According to Kathryn Pogin LAW ’20, requiring live cross-examination at hearings would be harmful to both complainants and respondents, especially to students who cannot afford to hire high-powered attorneys to serve as an advocate during hearings. Alyssa Peterson LAW ’19 agreed that live cross-examination is often traumatizing to complainants, and this rule will likely deter students from reporting sexual misconduct to the University.
Peterson said that while testing witnesses’ credibility is important, universities can accomplish this goal by having parties answer written questions instead of in-person cross-examination. She contended that the new guidelines would turn Title IX into a “quasi-criminal justice system” on college campuses, contradicting the law’s original intentions. Still, the education department has argued that the new rules restore the rights of students accused of sexual misconduct to due process.

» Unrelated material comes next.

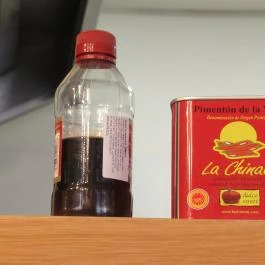 Vaslap Budapest - Belső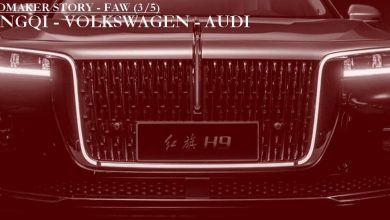 История FAW (3/5) История FAW (3/5)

Many Yale community members urged the University to levy its institutional influence to oppose the new regulations proposed by DeVos.
“The sole goal of the DeVos rule is to drive down the number of reports and to make the campus system more like the criminal system, which operates to the disadvantage of victim and accused people alike,” Peterson wrote in an email to the News. “If Yale, in its public comment, prioritizes its bottom line over the well-being and equality of its students, the administration can expect to hear from us.”

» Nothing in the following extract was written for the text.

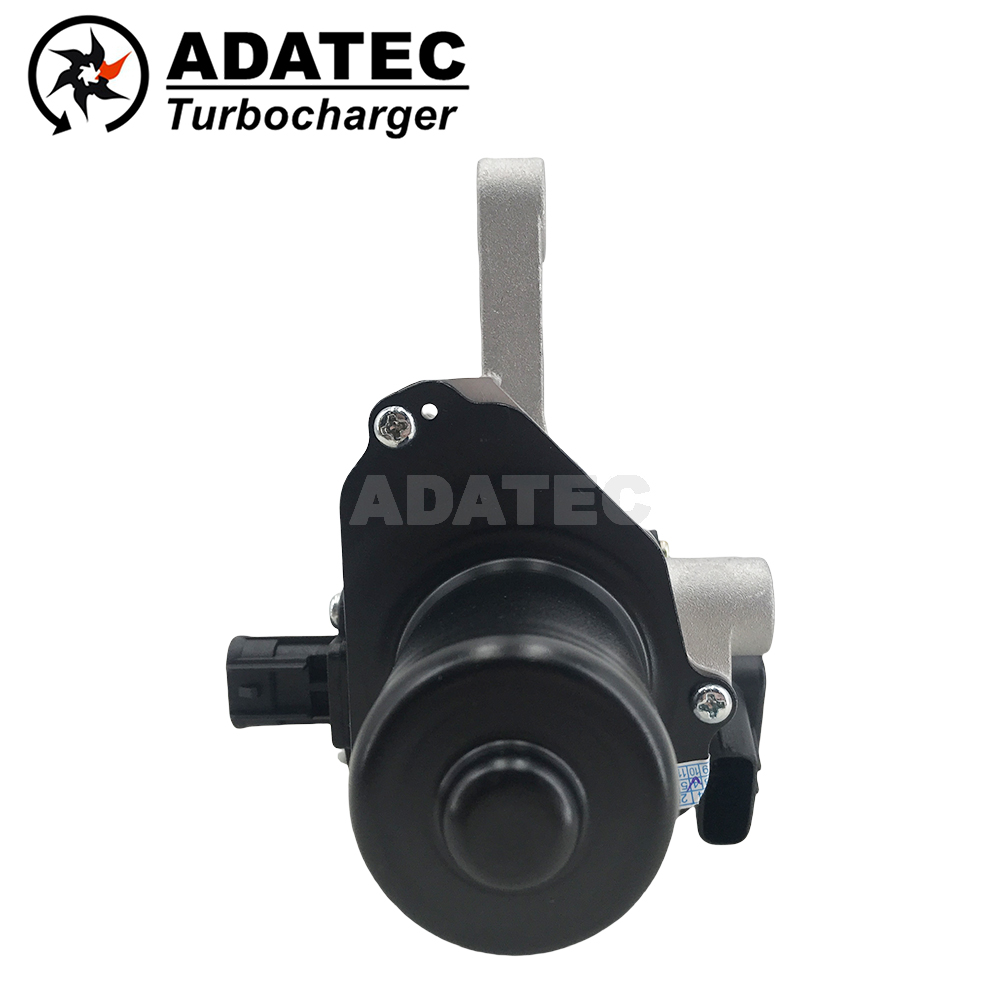 CT16V VB31 17201-0L070 Turbocharger Electronic Actuator 17201-0L070 Fit for Toyota Hilux 2.5 D-4D 88 KW 120 HP 2KDFTV 2011 / 20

Olivarius also called on Yale to “tackle the unkindness and bias in DeVos’ proposed rules” and “take a leadership role” in proposing alternative regulations that protect victims of sexual misconduct.
Yale has lobbied against the Department of Education’s efforts to protect the rights of the accused since DeVos announced plans to rescind Obama-era Title IX guidelines last fall.
The Obama-era guidelines, sent in the form of a “Dear Colleague Letter” in 2011, mandated that all colleges and universities use a lower standard of proof — a “preponderance of evidence” — when adjudicating cases of sexual assault. While DeVos’ proposed regulation would allow schools to choose between using the lower standard of proof and a higher standard, Yale is required under Connecticut law to use the preponderance of evidence standard, according to the University’s statement.
In 2011, the Department of Education’s Office for Civil Rights opened an investigation into complaints that Yale had breached Title IX by allowing a “hostile sexual environment” on campus. Following the investigation, Yale created the University-wide Committee on Sexual Misconduct, a group to which students across the University can report cases of sexual misconduct.
Title IX, passed among the Education Amendments of 1972, protects people from discrimination on the basis of gender and sex at institutions that receive federal funding.